- Directed by: Tony Y. Reyes
- Written by: Tony Y. Reyes
- Produced by: Orly Illacad; Vic Sotto;
- Starring: Vic Sotto; Vina Morales;
- Cinematography: Atoy de Vera
- Edited by: Eduardo Jarlego Jr.
- Music by: Jaime Fabregas
- Production companies: OctoArts Films; Cinemax Studios; APT Entertainment; M-Zet Productions;
- Distributed by: OctoArts Films
- Release date: September 11, 1996;
- Running time: 110 minutes
- Country: Philippines
- Language: Filipino

= Lab en Kisses =

Philippine romantic comedy film

Lab en Kisses is a 1996 Philippine romantic comedy film written and directed by Tony Y. Reyes. The film stars Vic Sotto and Vina Morales in their respective title roles. It is a pun on the phrase Love and Kisses.

==Plot==
Lab owns a car mechanic shop and is assisted by Popoy.

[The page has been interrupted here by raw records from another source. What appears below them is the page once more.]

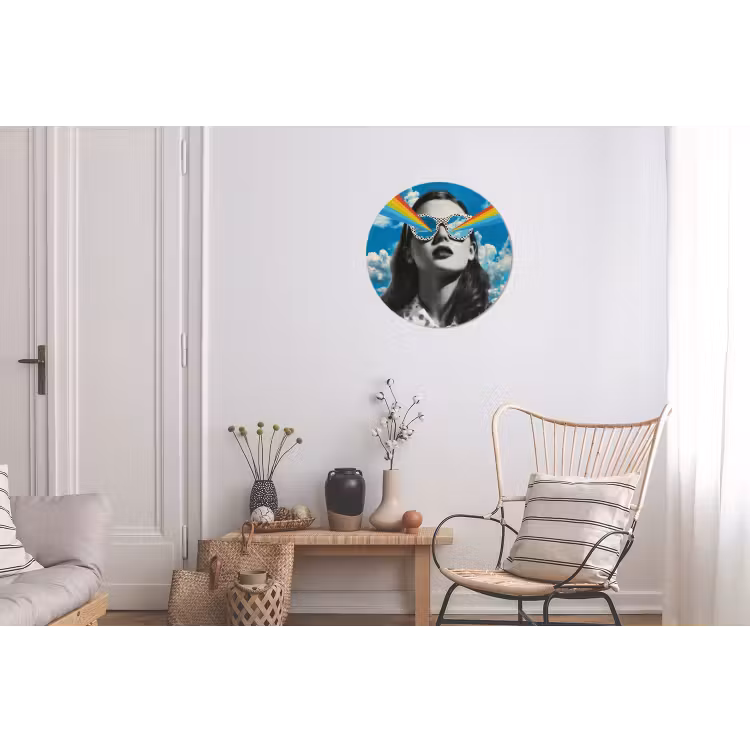 Vrouw - Bril - Regenboog - Wolken Wandcirkel aluminium klein -woonkamer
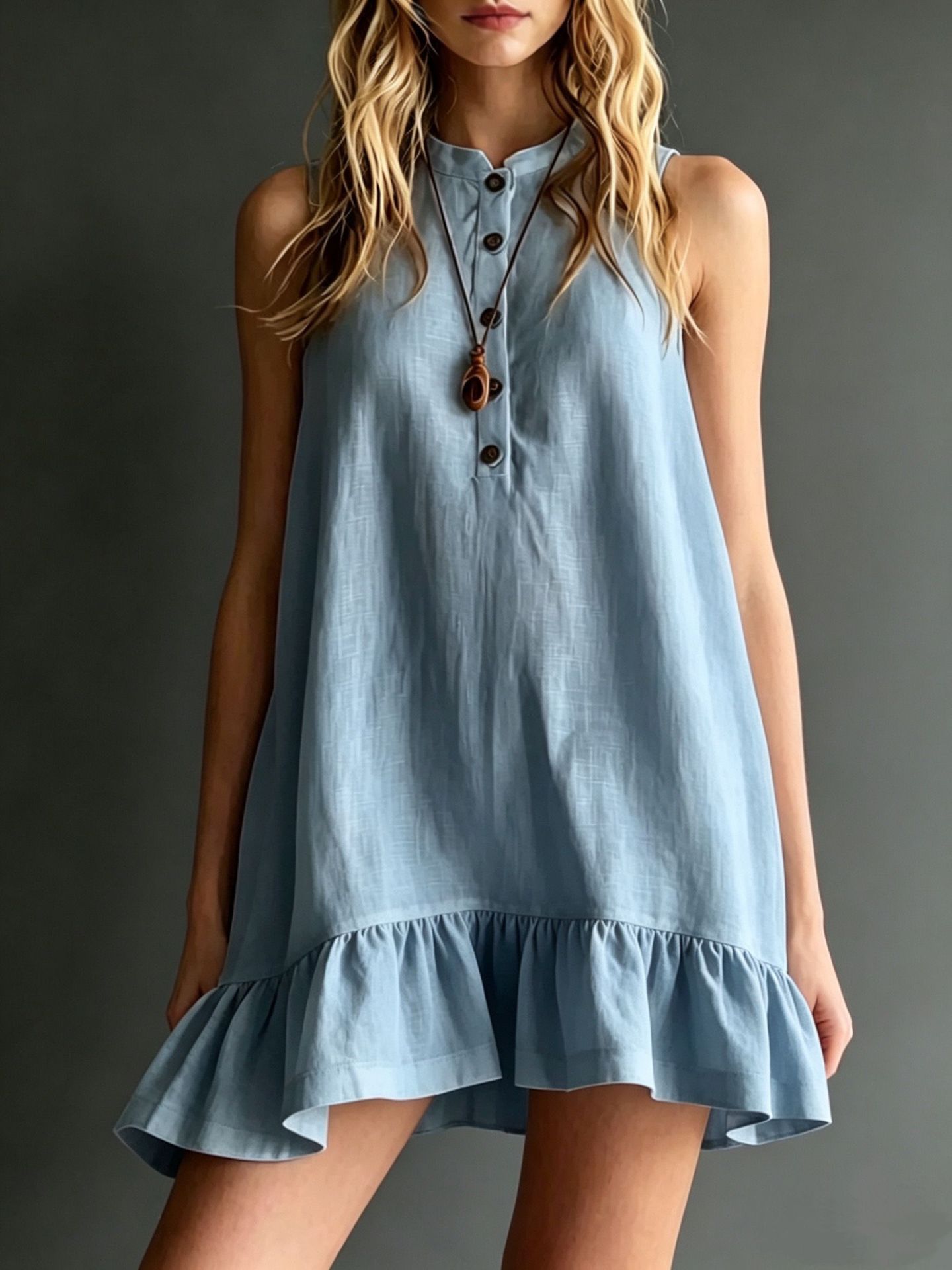 Cotton-Linen Midi Dress with Stand Collar & Ruffles - Apex Goods Co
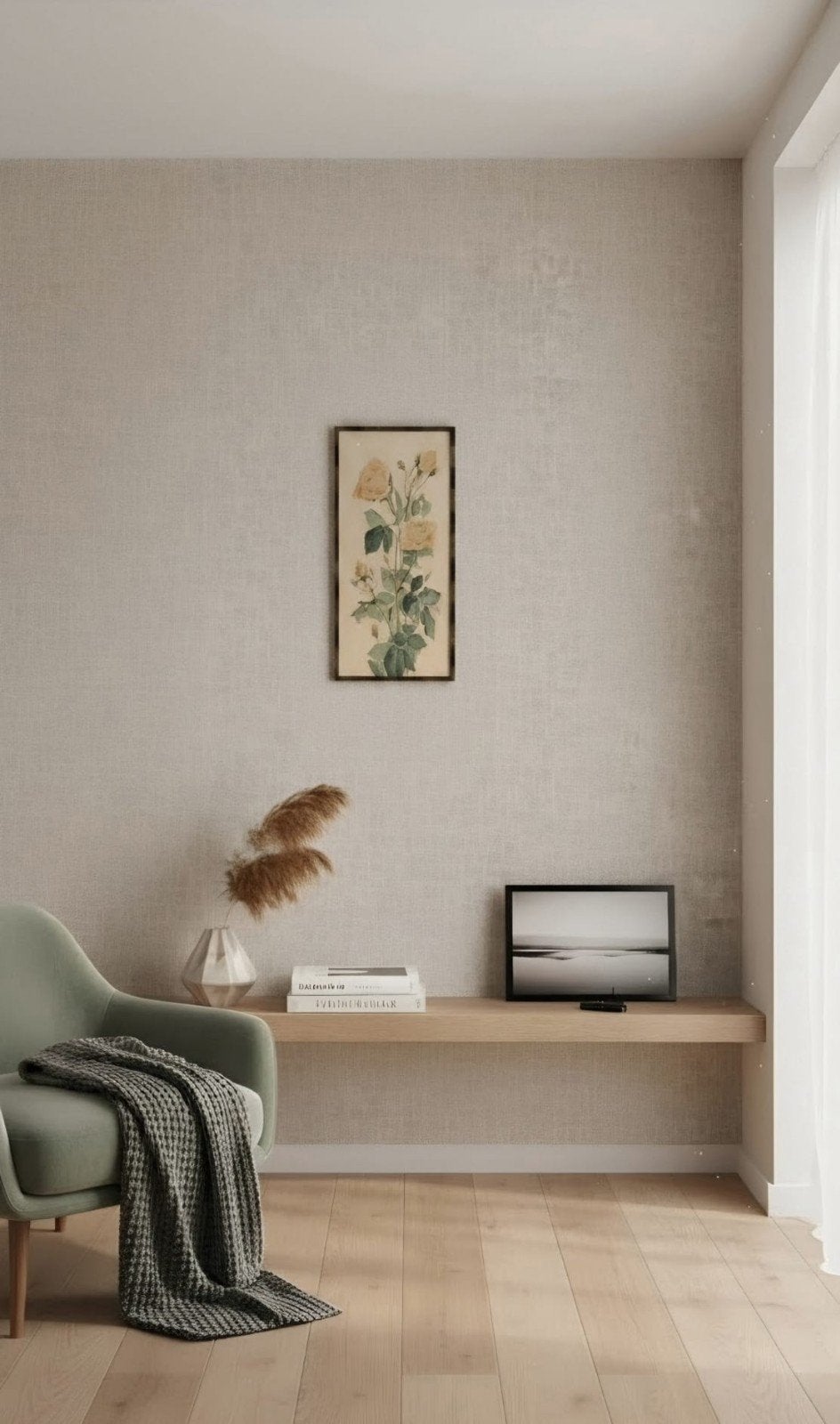 Jaren '60 Retro Schilderij met Rozen - Vintage Kunst, Ophalen, Achter glas, Bloemen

A known woman-hater, Lab resists the advances of next-door neighbor Maria who has a long-time crush on him. Trouble arises when Popoy's brother-in-law Dodong arrives from Cebu bringing along his boss' niece named Kisses. Both Dodong and Kisses escaped from Cebu to avoid an arranged marriage facilitated by Kisses' uncle John with his business associate Mickey. Since Popoy knows that Lab does not like women living in his house, he suggests that Kisses cut her hair and dress up as a man so that she and Dodong can be allowed to live as boarders.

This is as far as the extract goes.